In summary: it makes sense to use PEX format by default. We can also choose to expose some export mechanism.

I'll think more about how to handle deprecating tool lockfiles using a new format - that's pretty solvable.

jsirois commented 2 years ago

This was the point I was missing before. And I see why I was not clear on this: currently, PEX consumes Poetry tool "lockfiles" via -r lock.txt --intransitive. It sounds like we are planning on Pex consuming native Pex lockfiles, rather than using -r lock.txt, correct? Which makes sense.

Correct.

I think your error here was "Pex consumes" - it's Pip that consumes. As a result we get the lock security and stability properties of pinned versions and checked hashes but we do not get the lock consume-side performance; ie: we do not get parallel downloads of dists with 0 dependency checking. To get that you need to write down all the URLs (for fetching) + wheel names (for tag matching). To further get subsetting perf - i.e. non-full-downloads, you need to write down the Requires-Dist of each locked distribution, etc so this can all be evaluated to form a subset of urls to then download in parallel. This is not to mention the whole problem of VCS and local project requirements. Those cannot be represented in requirements.txt format today with Pip as the consumer.
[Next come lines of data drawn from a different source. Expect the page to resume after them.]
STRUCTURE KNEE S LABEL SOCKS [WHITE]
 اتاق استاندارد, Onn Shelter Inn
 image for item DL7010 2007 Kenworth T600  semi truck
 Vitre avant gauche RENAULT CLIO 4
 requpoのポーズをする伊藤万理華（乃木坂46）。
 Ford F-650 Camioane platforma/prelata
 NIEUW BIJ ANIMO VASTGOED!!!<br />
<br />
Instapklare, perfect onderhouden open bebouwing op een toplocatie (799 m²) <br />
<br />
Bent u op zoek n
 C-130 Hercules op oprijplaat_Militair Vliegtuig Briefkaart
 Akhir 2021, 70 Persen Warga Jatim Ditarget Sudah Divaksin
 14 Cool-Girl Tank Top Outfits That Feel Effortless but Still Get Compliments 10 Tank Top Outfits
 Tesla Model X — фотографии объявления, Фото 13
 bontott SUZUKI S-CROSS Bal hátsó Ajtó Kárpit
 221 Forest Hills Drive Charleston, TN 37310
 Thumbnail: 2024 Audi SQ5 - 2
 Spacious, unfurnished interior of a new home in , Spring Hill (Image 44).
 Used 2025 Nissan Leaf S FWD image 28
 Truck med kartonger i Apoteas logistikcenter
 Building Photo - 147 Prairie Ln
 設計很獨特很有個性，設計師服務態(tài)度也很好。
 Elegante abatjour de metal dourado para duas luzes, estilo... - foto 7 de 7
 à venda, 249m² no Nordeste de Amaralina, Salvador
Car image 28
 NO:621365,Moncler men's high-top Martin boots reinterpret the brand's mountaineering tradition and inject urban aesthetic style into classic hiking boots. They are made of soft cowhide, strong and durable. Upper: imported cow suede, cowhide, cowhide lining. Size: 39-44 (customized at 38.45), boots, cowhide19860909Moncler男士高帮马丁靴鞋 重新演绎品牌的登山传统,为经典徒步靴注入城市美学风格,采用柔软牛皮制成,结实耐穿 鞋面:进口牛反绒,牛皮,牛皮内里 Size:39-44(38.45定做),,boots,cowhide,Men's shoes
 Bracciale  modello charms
Eric-Arellano commented 2 years ago

Pex now supports consuming Pex JSON lockfiles https://github.com/pantsbuild/pex/pull/1654, so we are unblocked from switching from Poetry to Pex for lockfile generation & consumption.

This will be a soft launch in Pants 2.11, with post-2.11 work to support locking of VCS requirements, along with making locks more robust overall given how complex Python packaging is.

Given the soft launch, three safety valves:

Poetry lockfile generation stays as an option.
An option I added last week [python].resolve_generate_lockfiles to allow you to manually manage your user lockfiles
We continue to not require using [python].resolves or [tool].lockfile.
- I'm not sure though if we should deprecate [python].requirement_constraints

Implementation

Generation

We already support Pex for lockfile generation.

https://github.com/pantsbuild/pants/blob/6ba05e3ceb585b0ff52575924fb423ad0e1a2738/src/python/pants/backend/python/goals/lockfile.py#L142-L146

All we need to do is figure out where to put the option toggling between Pex and Poetry, and then wire it up in the rest of lockfile.py. Probably [python].lockfile_generator = {'pex', 'poetry'}? In 2.12, we can hopefully deprecate to always use Pex.

We do need to decide if we default to Pex or Poetry in 2.11.

Consumption

I think that we need to support mixed mode, where some lockfiles can be Pex JSON and some requirements.txt style a la Poetry. Why? We want Pants's default tool lockfiles to be Pex based, but let the user use what they prefer.

That suggests to me that we should decide the lockfile consumption strategy via inspection of the lock. Is it JSON? Use Pex. Otherwise, use normal requirements.txt. We have not yet figured out the recommend naming scheme for Pex lockfiles, e.g. isort.json.lock: one naive way of implementing this detection is to look for json in the string. But it is possible for users to rename the file to whatever they want, so this is likely not reliable.

I believe that we only then need to update this code block to detect the lockfile format and decide whether to use --lock or --requirement

https://github.com/pantsbuild/pants/blob/6ba05e3ceb585b0ff52575924fb423ad0e1a2738/src/python/pants/backend/python/util_rules/pex.py#L410-L442

Note that per https://github.com/pantsbuild/pants/issues/14281, we will need to strip Pants's lockfile header from the JSON lock because the comments cause the JSON to be invalid.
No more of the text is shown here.